If it’s about the sweet science and aired on television, she’ll watch it, minding not if it’s a live feed, a delayed telecast, or a rerun of those ‘60s and ‘70s-era bouts between the legends.
She has seen all of Manny Pacquiao’s bouts, at least all those aired on television. And she knew even before the pundits did that the PacMan was going to be the Next Big Thing, discerning from the few dozens of the Gen San pug’s matches since the mid ‘90s via Blow by Blow – a weekly boxing show that featured provincial fights.
I guess I don’t have to say that peeling her off the teevee monitor during a boxing match is about as easy as making this city politico admit to amassing a huge stash of dirty cash by engineering the purchase of scandalously overpriced decorative lampposts and streetlamps for his city prior to the Asean Summit.
Thus it was a foregone conclusion that she watched Gerry Peñalosa tangle with Daniel Ponce de Leon over ABS-CBN yesterday morning. Hell, she was up with anxious anticipation since dawn. And as cameras, in sync with production’s music bed, rolled to catch Peñalosa walking to the ring, I asked why she was so hot about an undercard. Because it was a Filipino in the ring, was all she said.
It’s about pride.
The scorecards say we didn’t win that fight and I don’t wish to bore you with a cold autopsy.

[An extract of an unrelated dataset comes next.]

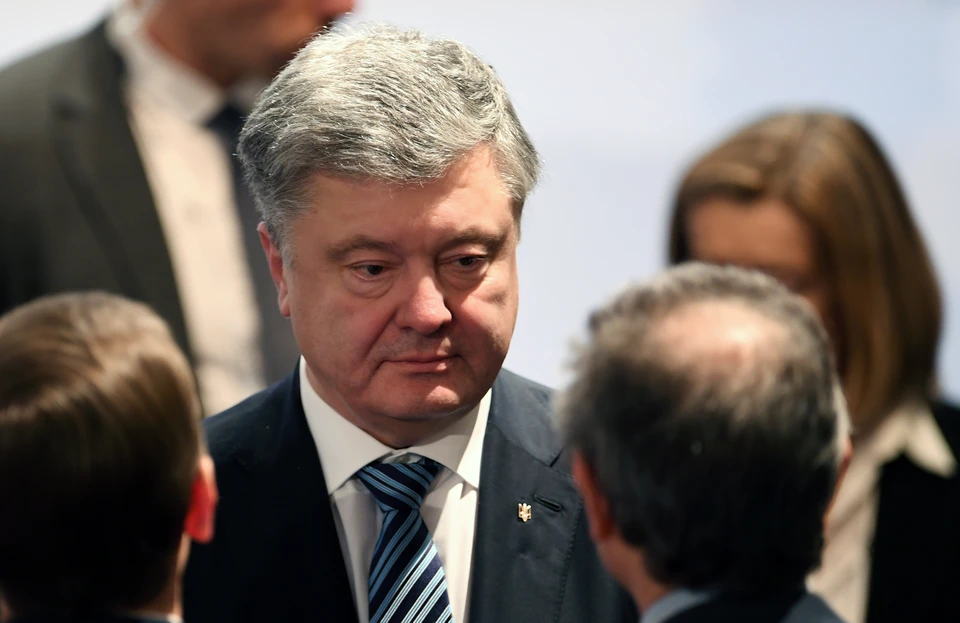 Петр Порошенко, занимавший должность президента Украины до избранного ныне на этот пост Владимира Зеленского, не смог оставить нацию в эту трудную минут без себя любимого.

All I’ll say is that, for what it’s worth, my wise yet aging mother found it a fight that Peñalosa, and therefore the entire Filipino nation, can be truly proud of.
It’s all about pride, indeed.
Hands of steel. Leaving off from fists of stone, Sean Ragay, the teenage son of Cebuano lawyer Efren Ragay, captured top honors in the on-going 2007 USA Shooting Junior Olympic National Championships, held in Colorado this year, bagging the grand prize in the Free Pistol event.
A dispatch from Najasila Campbell at the USA Shooting pressroom had Sean entering the finals, held last March 13, with 522 points a full six points ahead of his closest contender, Cody Owsley of Kansas. He ultimately finished with 607.9 for the gold. As soon as the games close on the 24th, Sean will begin training for the Rapid Fire championships in Plzen, the Czech Republic this June.
‘Torney Efren, per our last email, month, said Sean will also be competing next month to qualify for the Pan American Games and hopefully win a quota and sport for the Summer Olympics in Beijing.
Sean is in the US National Development Team, the government funded training pool for athletes eyed for entry to the US team for the Olympics. Free Pistol is one of the hardest Olympic shooting events.
In this event, a competitor has an hour and forty-five minutes to fire 60 shots at a 10.5x12-inch target paper with a four-inch nine-ring set 50 meters away. At that distance, the scoring ring will look no bigger than a thumbtack.
There are few restrictions on the pistol used. It has to be a .22 rimfire pistol with open sights. The trip may not make contact with the hand beyond the wrist. There aren’t any restrictions as to the barrel length, sight radius, or trigger weight.
With fewer restrictions, winning or losing comes only by way of skill and concentration.
Annual awards. The Sportswriters Association of Cebu (SAC) will hold their yearly awards night on the 13th of next month, if all goes well. It’s a very noble cause – recognizing, beyond the published story, Cebuano athletes who, by their labors and sacrifice, have helped made us prouder of our selves through their achievements.
The SAC had previously given recognition to two athletes from the shooting sport – Dino Cinco and Lito Ladroma.
Dino was given his in 2004, for winning a string of matches organized by the Philippine Practical shooting Association that year. Lito got given his in 2005, for his entry into the National Team that competed in the World Shoot XIV in Guayaquil, Ecuador.
The organization didn’t have an honoree for shooting in 2006 but, this year, I’ve recommended via board member Mike Limpag an athlete I believe firmly deserves recognition for, against tough odds and naysayers, winning in an international shooting competition held in Singapore last year.
I will not reveal his name as of yet, pending word from the SAC. I am not a member of the organization so my endorsement is only as good as 'Bai Mike's lobbying skills.